Dec 20, 2015 12:00AM
By Tim Gill
I was on a Southwest flight to San Diego tonight. As we were taking off, I closed my eyes and replayed the same memory I always do when my plane takes flight.
During the more than 14 years since I left my teaching position at Middletown High School, I have flown at least 100 times for various reasons related to my job. When my sons were little, they would always have the same response when I would get home from a long trip. They would run over to our front door and, one at a time, as I came around the corner, yell “Daddy!,” running as fast as they could into my arms. I would give them a big bear hug, flip them over backwards, and then land them on their feet. That moment when they would yell “Daddy!” and jump into my arms is the memory I replay during every takeoff.

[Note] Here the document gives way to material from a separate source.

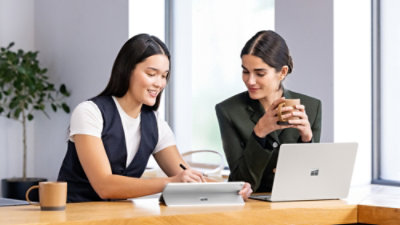 A couple of women looking at a laptop.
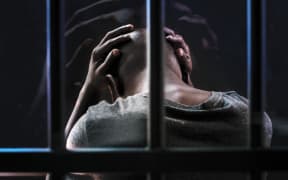 A man behind prison bars holds his head in his hands (stock photo).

When they got too big for me to flip, they would still yell “Daddy!,” and run and jump on me. Then when they became teenagers, they would yell “Daddy!,” and I would get a high-five instead of a hug. My sons are 16 and 20 now. Before the Valley Fire, the last time Jake, the elder, was home, I came home from work, and he and Connor yelled “Daddy!,” and we all had a good laugh.
So tonight, when I instinctively closed my eyes and hit the play button, I realized that the home where this memory was made is no longer there. I was really struck by the finality of what has happened. That the space in which that memory was created is gone forever. However, I also realized that, in a way, the fire gave that memory back to me. Despite replaying it, the images were not as crisp as they were when my boys were 3 and 7 years old. They had faded a bit. Tonight, however, that memory was as clear as if it had happened last week. That wouldn’t be true if we hadn’t lost our home in the Valley Fire.
As we headed toward 35,000 feet tonight, I realized that, thanks to the fire, indeed many of my once-faded memories of living in our Cobb Mountain tree house are coming back to me. It makes me happy to think of these moments, many of which I haven’t thought of in years.
I had the middle seat and tears in my eyes; the two strangers on either side of me must have thought I was crazy. The tears were happy tears, though. Silver linings are sometimes hard to find when you are looking through the ashes. I found one tonight.
Tim Gill works for Kelseyville School District. He and his wife, Jamey, have lived in Lake County most of their lives. They owned their home on Cobb Mountain for 16 years, and plan to rebuild.